The conditional offer, representing a premium of 15.8 per cent over Caltex’s closing share price on Monday, is the second it has received. It rejected as inadequate an earlier approach from the same bidder, made on October 11, at $32 per share, a price that at the time represented about a 25 per cent premium.
Shares in Caltex surged as much as 12.7 per cent to $33.56 on Tuesday after a delayed start. They were at $33.52 just after midday.
The overtures from Couche-Tard, which has a strong track record of growth by acquisition, were first revealed by The Australian Financial Review’s Street Talk column on Monday night and confirmed on Tuesday morning.

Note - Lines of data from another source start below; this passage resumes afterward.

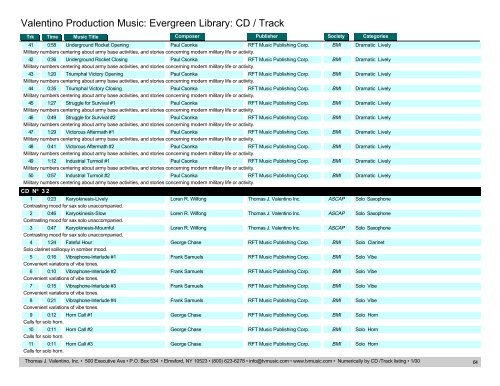 Valentino Production Music: Evergreen Library: CD / Track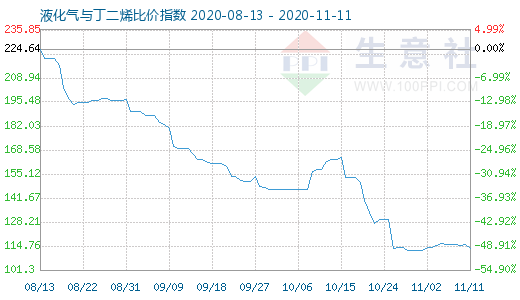 11月11日液化氣與丁二烯比價(jià)指數(shù)圖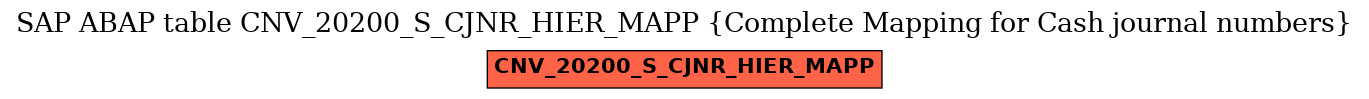 E-R Diagram for table CNV_20200_S_CJNR_HIER_MAPP (Complete Mapping for Cash journal numbers)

Couche-Tard operates in 27 countries, selling 43 million gallons a day of fuel and about three quarters of a million cups of coffee.
It has completed 60 deals since 2004, adding some 10,200 stories and highlighted in a recent presentation to investors that “significant runway remains globally” for growth, with a focus on the US and Asia.
More than 2150 stores operate under its Circle K brand outside North America and Europe, in countries including New Zealand, Cambodia, Hong Kong and Saudi Arabia.
Couche-Tard, which invested earlier this year in a cannabis retailer in Canada, is understood to have been circling potential targets in Australia’s fuel sector for months, advised by Goldman Sachs. It was among those that took a look at the Woolworths petrol station business that was eventually sold to UK-based EG Group.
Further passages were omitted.